Will you output the entries below exactly, skipping every image they contain?

▶ [Material to process]
:::::
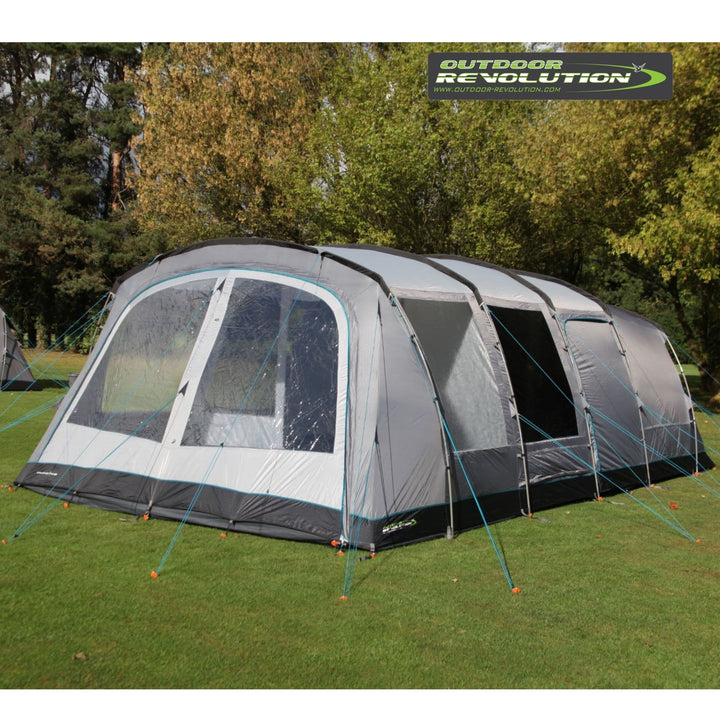 Outdoor Revolution Camp Star 600 DT Poled Tent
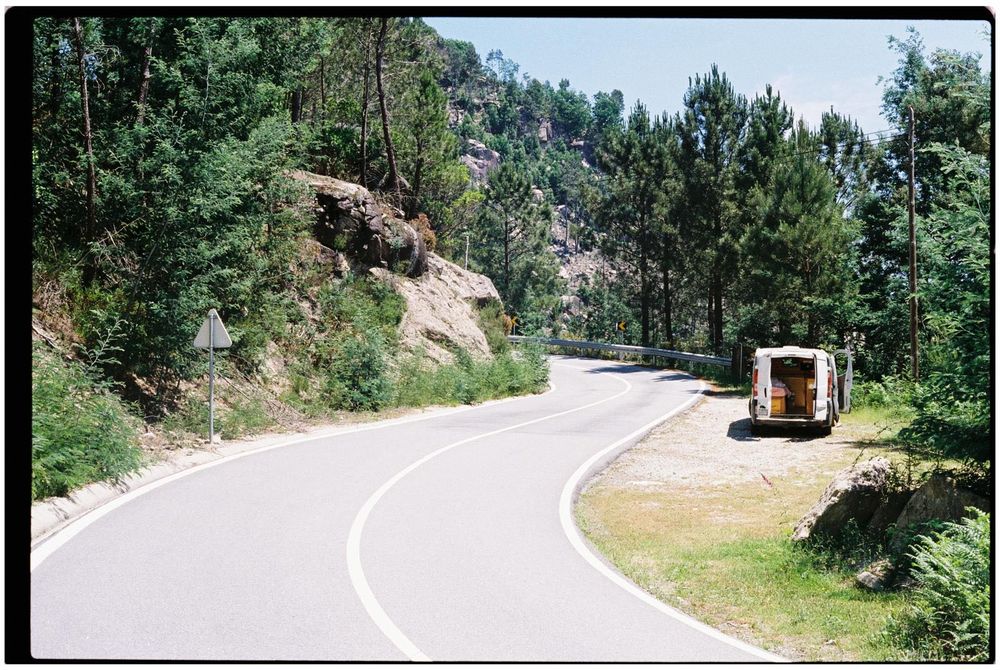 Campervan Opel Vivaro 2.5CDTI Legalizada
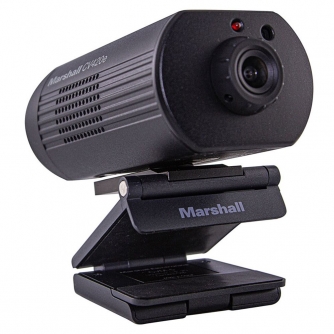 DSLR Cameras - Marshall CV420e 4K IP USB HDMI Digital PTZ Camera - quick order from manufacturer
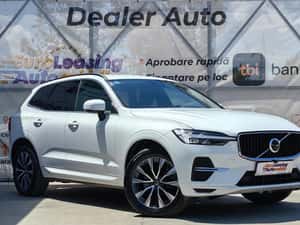 Volvo XC60, 197 CP, 120.000 km, 2022, Diesel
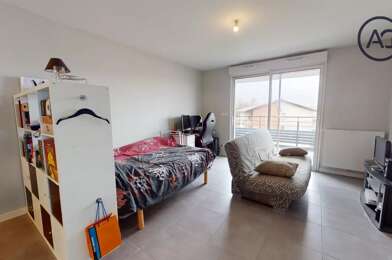 Appartement 1 pièces 117700 €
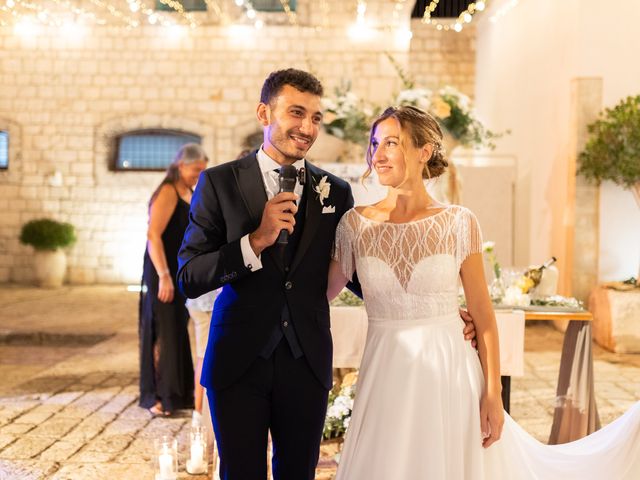 Il matrimonio di Maria Antonietta e Stefano a Ragusa, Ragusa 161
:::::
▶ [Written response]
 Outdoor Revolution Camp Star 600 DT Poled Tent
 Campervan Opel Vivaro 2.5CDTI Legalizada
 DSLR Cameras - Marshall CV420e 4K IP USB HDMI Digital PTZ Camera - quick order from manufacturer
 Volvo XC60, 197 CP, 120.000 km, 2022, Diesel
 Appartement 1 pièces 117700 €
 Il matrimonio di Maria Antonietta e Stefano a Ragusa, Ragusa 161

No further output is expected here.